On 6/15/18 1:25 PM, Mikhail V wrote:
> On Fri, Jun 15, 2018 at 6:54 PM, Chris Angelico <rosuav at gmail.com> wrote:
>> On Sat, Jun 16, 2018 at 1:48 AM, Mikhail V <mikhailwas at gmail.com> wrote:
>>> On Fri, Jun 15, 2018 at 5:51 AM, Michael Selik <mike at selik.org> wrote:
>>>
>>>> If you would like to prove the need for this operator, one piece of evidence
>>>> you can provide is a count of the number of times someone writes
>>>> "list.append" for an iterable vs "+=" and encloses a str or other type in a
>>>> throw-away list to effectively append.
>>> That's strange idea - there is no doubt that one would use
>>> list.append() and most probably
>>> it is the case statistically.
>>> So the question would be "what is wrong with list.append()?"
>>> And as said many times, there is nothing wrong, but a lot of people
>>> seem to want an in-place
>>> operator for this purpose. And I can understand this, because:
>>>
>>> 1. append() is _ubiquitous_
>>> 2. in-place assignment form makes some emphasis on mutating, in
>>> contrast to method call.
>> How so? You can write "x += 1" with integers, and that doesn't mutate;
>> but if you write "x.some_method()", doing nothing with the return
>> value, it's fairly obvious that it's going to have side effects, most
>> likely to mutate the object. Augmented assignment is no better than a
>> method at that.
>>
> How it would be obvious unless you test it or already have learned by heart
> that x.some_method() is in-place? For a list variable you might expect
> it probably,
> and if you already aware of mutability, etc.
>
> It s just very uncommon to see standalone statements like:
> x.method()
>
> for me it came into habit to think that it lacks the left-hand part and =.
> Of course augmented assignment is not a panacea because it is limited only
> to one operation, and the appeal of the operator itself is under question.
>
> As for x+=1 it is implementation detail - historical idea of such operators was
> mutating, so at least visually its not like a returning expression.
> and I am not sure about x.method() form - was it meant to hint to the user
> about anything? It seemed to me so when I started to learn Python, but its not.

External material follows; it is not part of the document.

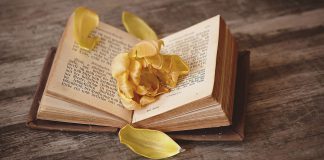 Buchtipp: Ein teuflisches Zeug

For me if I see foo.bar() my assumption is that likely bar() is going to
mutate foo, especially if it doesn't produce a return value, and this is
the natural way to define something that mutates something. If it
returns something, it might be just an accessor, or it might be a bit of
both, easily a mutation that returns a status about the success/failure
of the mutation.

foo = bar would seem to be never a 'mutation', but always a rebinding of
foo, even if 'bar' is an expression using foo.

foo += bar, conceptually reads as foo = foo + bar, so the first
impression is that it isn't going to mutate, but rebind, but it is
possible that it does an inplace rebind so to me THAT is the case where
I need to dig into the rules to see what it really does. This means that
at quick glance given:


list1 = list

list1 += value

it is unclear if list would have been changed by the +=, while a
statement like list1.append(value) is more clearly an in place mutation
so other names bound to the same object are expected to see the changes.